[Image-text web data]

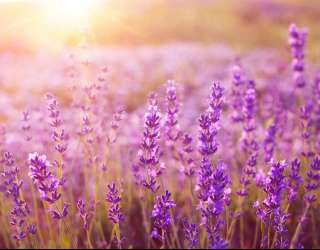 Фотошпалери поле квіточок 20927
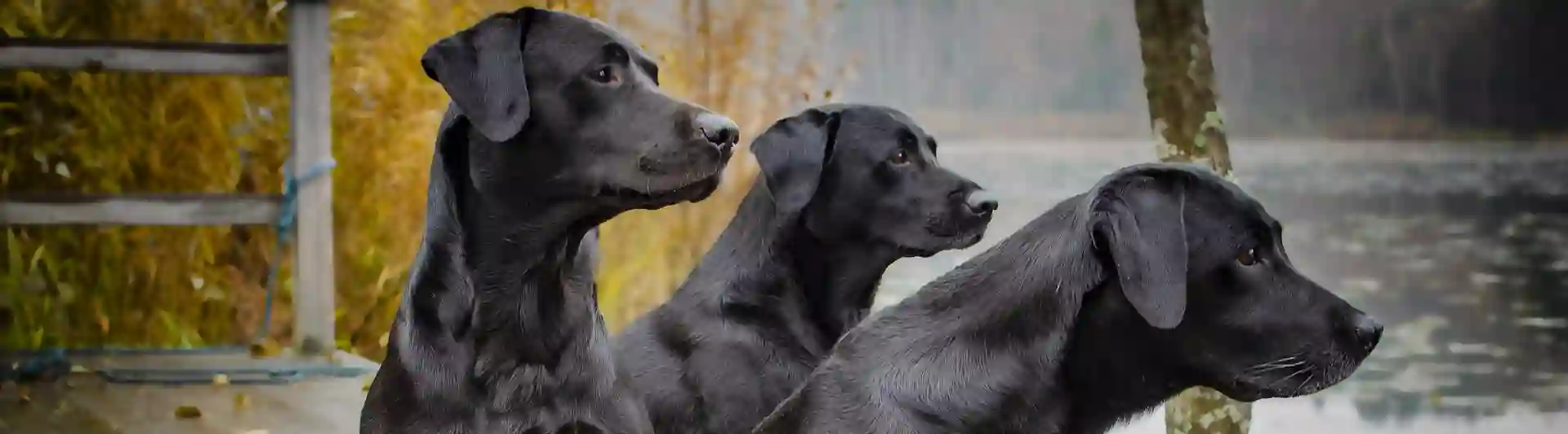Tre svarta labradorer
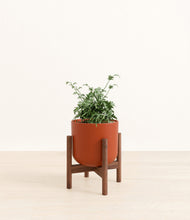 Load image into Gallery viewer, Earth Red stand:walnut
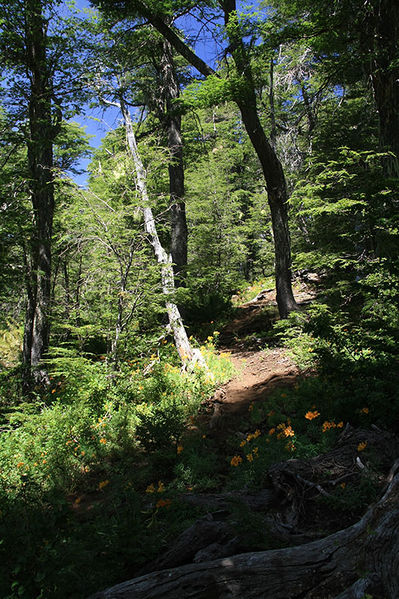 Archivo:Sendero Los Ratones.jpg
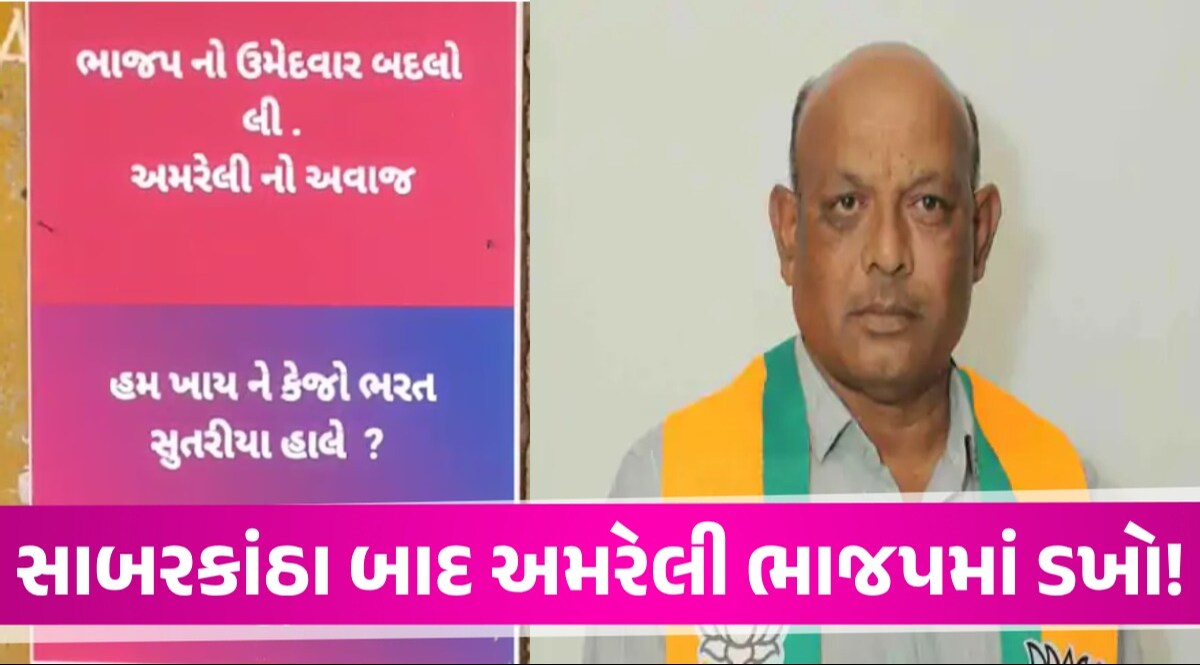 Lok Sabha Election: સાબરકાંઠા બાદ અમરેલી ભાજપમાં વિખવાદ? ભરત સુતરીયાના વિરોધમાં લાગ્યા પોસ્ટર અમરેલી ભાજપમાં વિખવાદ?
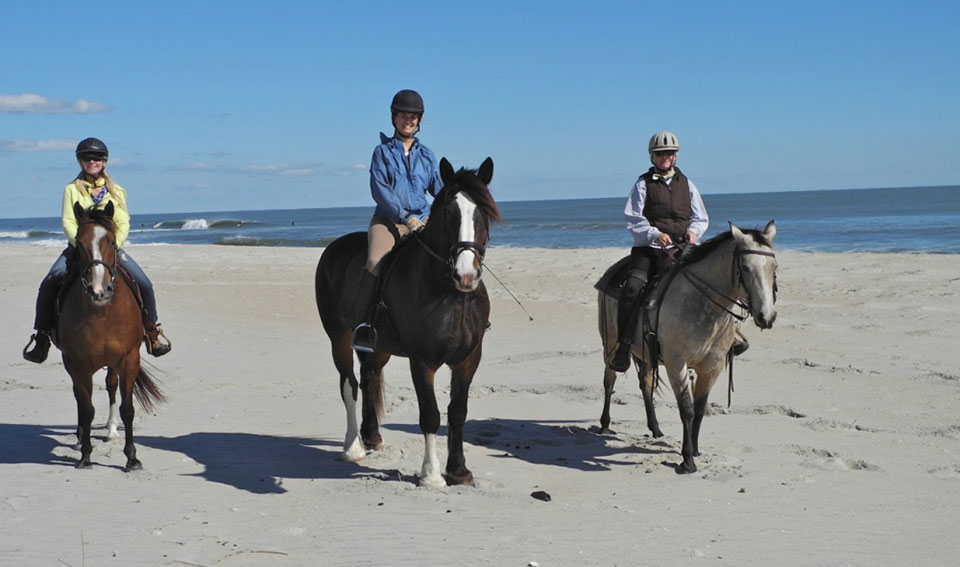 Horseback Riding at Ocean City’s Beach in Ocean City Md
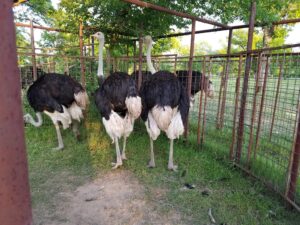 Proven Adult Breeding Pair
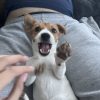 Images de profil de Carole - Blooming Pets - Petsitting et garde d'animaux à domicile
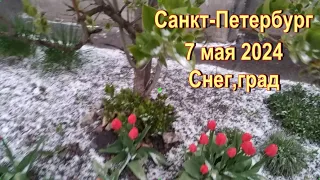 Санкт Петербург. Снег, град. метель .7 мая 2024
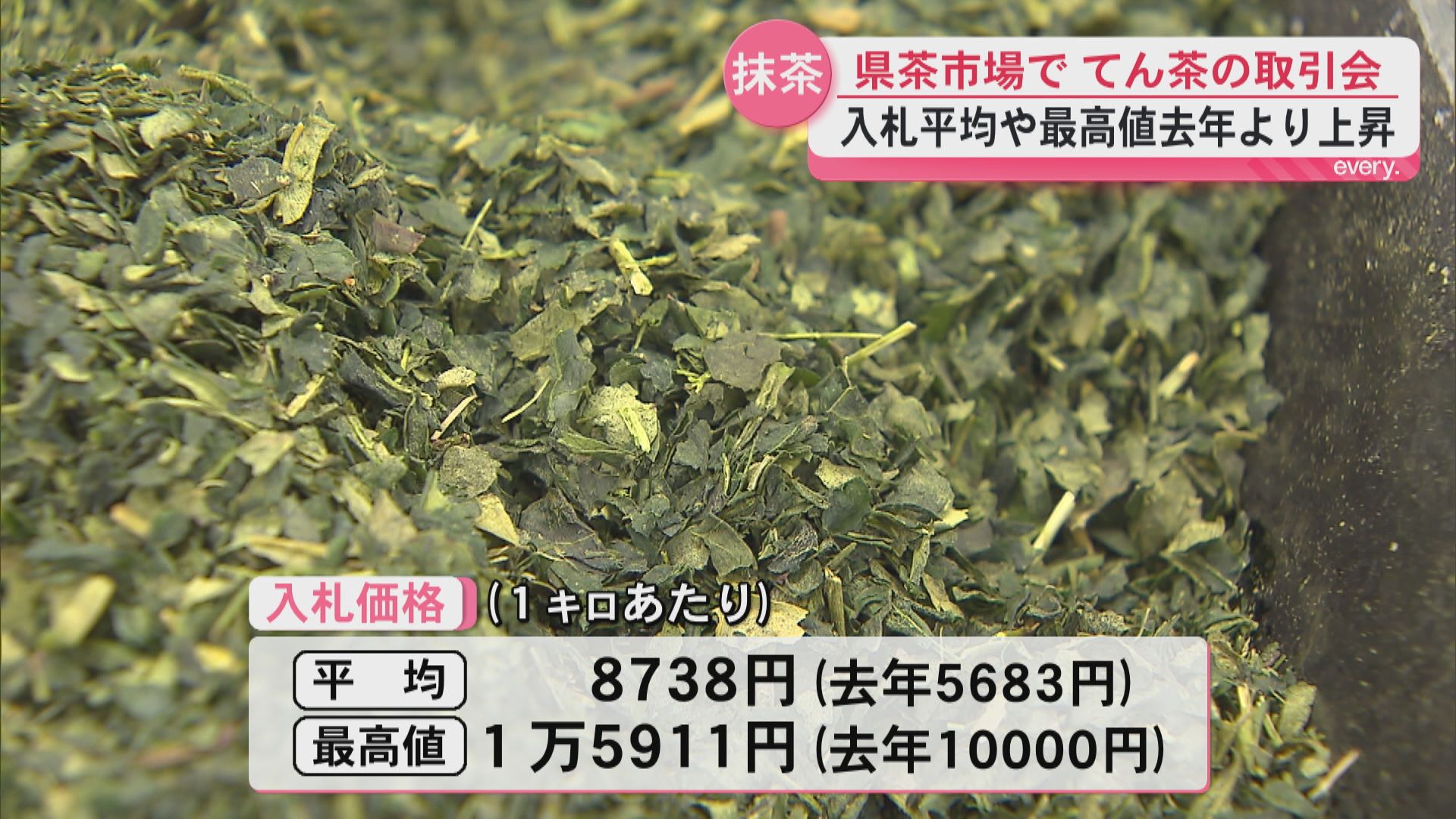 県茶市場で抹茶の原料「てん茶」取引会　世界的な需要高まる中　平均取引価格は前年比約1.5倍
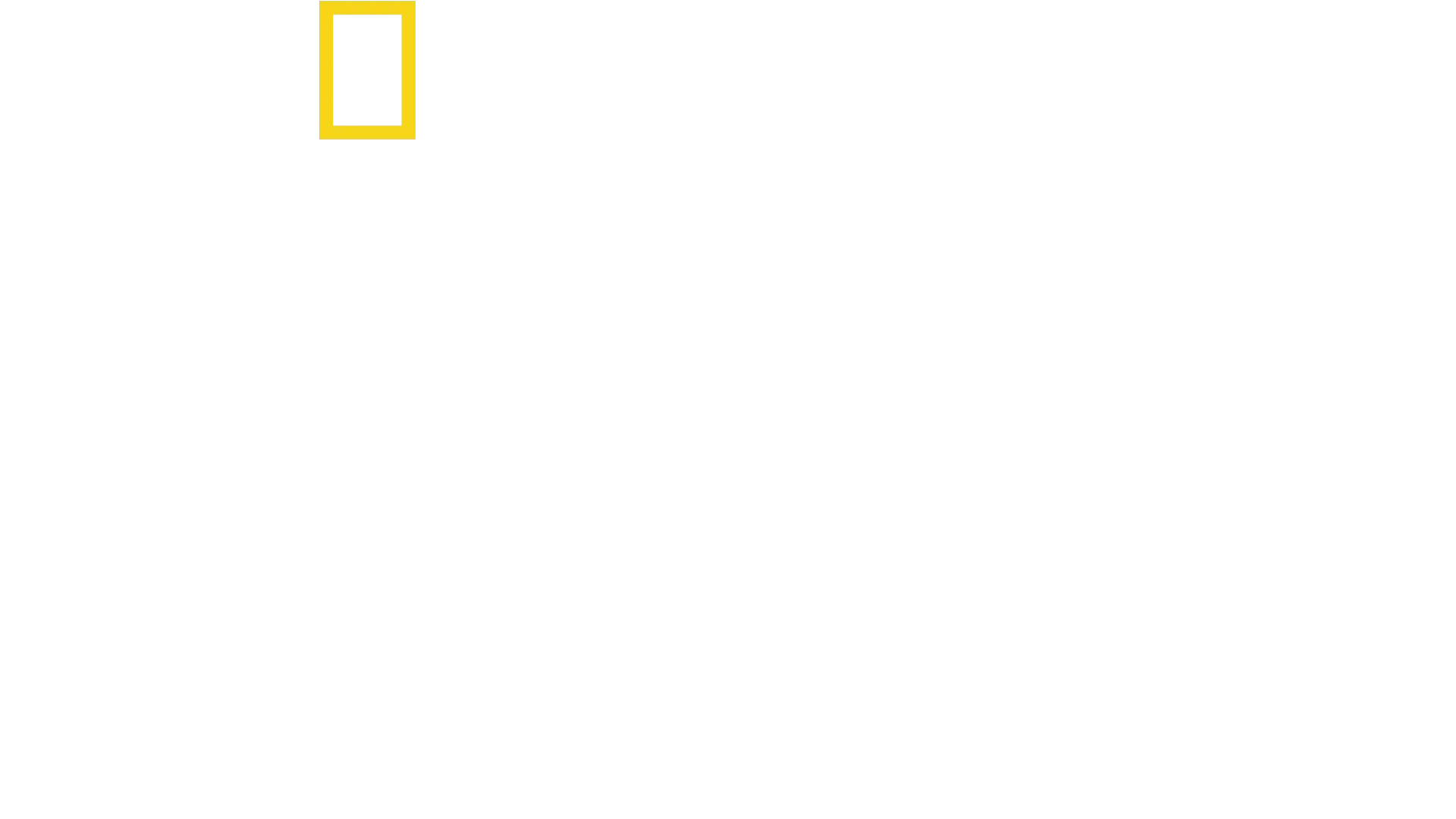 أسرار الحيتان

The problem:
All lines from the one containing "Load image into" to the last line of the records above, both included, need to be repeated word for word; omit the pictures.

Response to the exercise:
 Load image into Gallery viewer, Earth Red stand:walnut
 Archivo:Sendero Los Ratones.jpg
 Lok Sabha Election: સાબરકાંઠા બાદ અમરેલી ભાજપમાં વિખવાદ? ભરત સુતરીયાના વિરોધમાં લાગ્યા પોસ્ટર અમરેલી ભાજપમાં વિખવાદ?
 Horseback Riding at Ocean City’s Beach in Ocean City Md
 Proven Adult Breeding Pair
 Images de profil de Carole - Blooming Pets - Petsitting et garde d'animaux à domicile
 Санкт Петербург. Снег, град. метель .7 мая 2024
 県茶市場で抹茶の原料「てん茶」取引会　世界的な需要高まる中　平均取引価格は前年比約1.5倍
 أسرار الحيتان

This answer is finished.